Sertifikat tanah wajib dijaga dengan benar. Simak 8 hal yang tidak boleh dilakukan agar dokumen tetap aman dan sah.

KamiBijak.com, Hiburan - Sertifikat tanah merupakan dokumen hukum yang sangat penting karena menjadi bukti sah kepemilikan atas tanah. Oleh sebab itu, dokumen ini tidak boleh diperlakukan secara sembarangan. Kesalahan dalam menyimpan maupun menggunakan sertifikat tanah dapat menyebabkan kerusakan dokumen hingga memicu persoalan hukum. Berikut delapan hal yang perlu dihindari dalam mengelola sertifikat tanah.

1. Memberikan akses kepada sembarang orang
Pemilik sertifikat tidak dianjurkan meminjamkan sertifikat tanah kepada orang lain. Akses ke layanan digital pertanahan, seperti aplikasi Sentuh Tanahku, juga sebaiknya hanya dipegang oleh pemilik yang sah.

2. Mencoret-coret sertifikat tanah
Sertifikat tanah tidak boleh dicoret atau diberi tanda apa pun. Coretan dapat merusak keabsahan dokumen, baik sertifikat dalam bentuk fisik maupun elektronik.

3. Melipat atau menggulung sertifikat
Cara penyimpanan yang salah, seperti melipat atau menggulung sertifikat, dapat menyebabkan kertas mudah rusak, robek, atau pudar.

4. Menyimpan di tempat sembarangan
Sertifikat tanah sebaiknya disimpan di tempat yang aman dan kering. Hindari lokasi lembap atau area yang terkena sinar matahari langsung.

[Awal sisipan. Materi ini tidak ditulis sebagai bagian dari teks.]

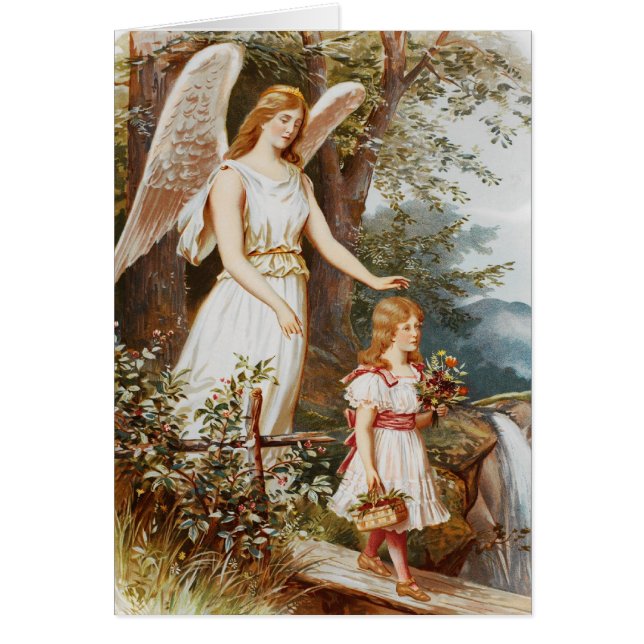 Victoriaans Guardian Angel (Voorkant)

5. Membiarkan sertifikat kotor atau rusak

Sertifikat tanah rusak (foto : Irma Devita)

Pemilik harus memastikan sertifikat tetap bersih dan utuh. Jangan biarkan dokumen basah, kotor, koyak, dimakan rayap, atau mengalami kerusakan lainnya.

6. Menyalahgunakan sertifikat tanah
Sertifikat tidak boleh digunakan untuk kepentingan yang tidak legal, seperti dijadikan jaminan pinjaman informal yang tidak memiliki dasar hukum jelas.

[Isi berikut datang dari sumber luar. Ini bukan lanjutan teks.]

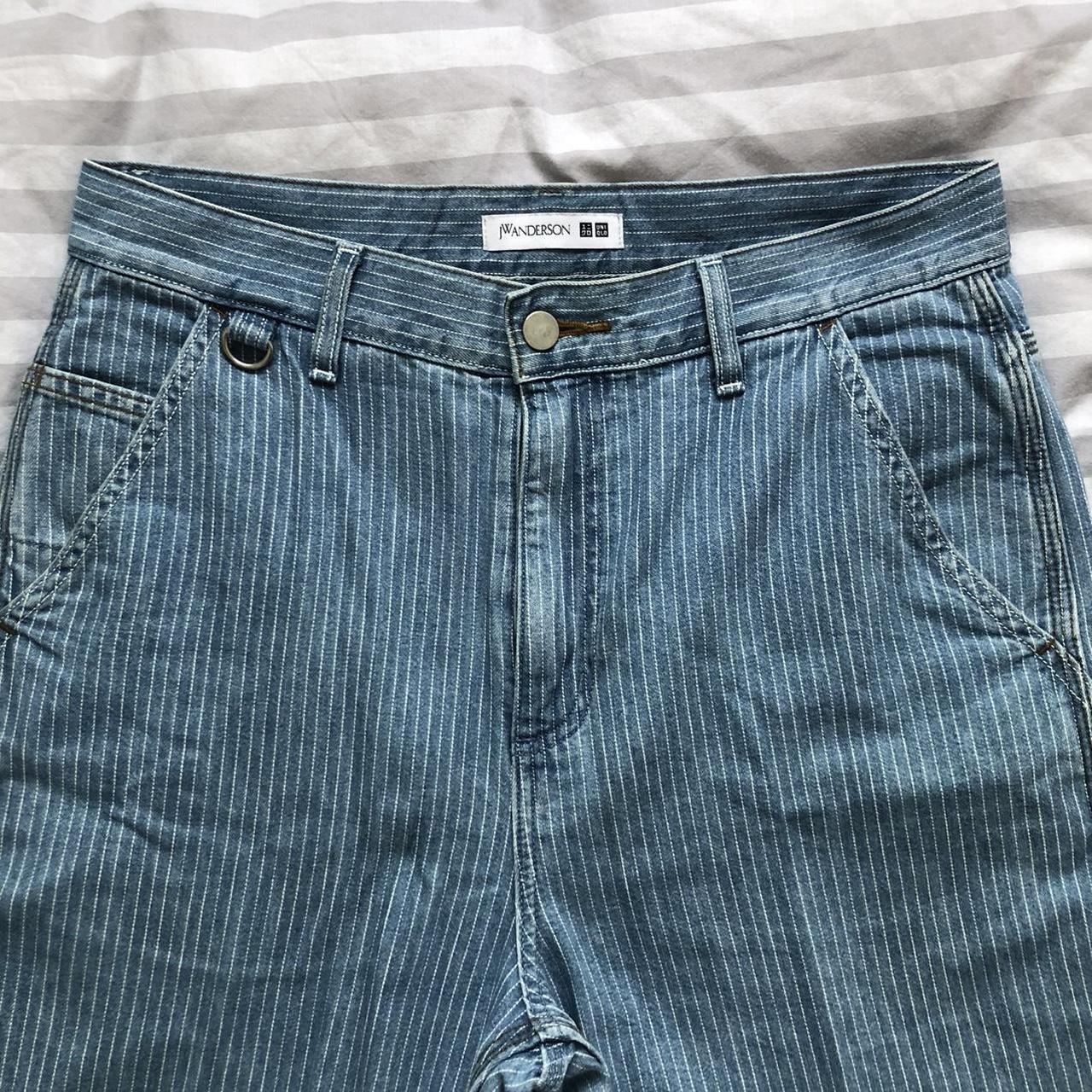 JW Anderson Uniqlo Wide-fit Jeans — Size 31W x 32L —... - Depop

7. Mengubah informasi tanpa prosedur resmi
Perubahan data pada sertifikat tanah tidak boleh dilakukan secara sepihak. Setiap pembaruan informasi harus melalui mekanisme dan jalur hukum yang sah.

8. Membiarkan data sertifikat tidak diperbarui
Apabila terjadi perubahan kepemilikan, penggunaan tanah, atau peralihan hak, data pada sertifikat harus segera diperbarui agar tetap relevan dan valid secara hukum.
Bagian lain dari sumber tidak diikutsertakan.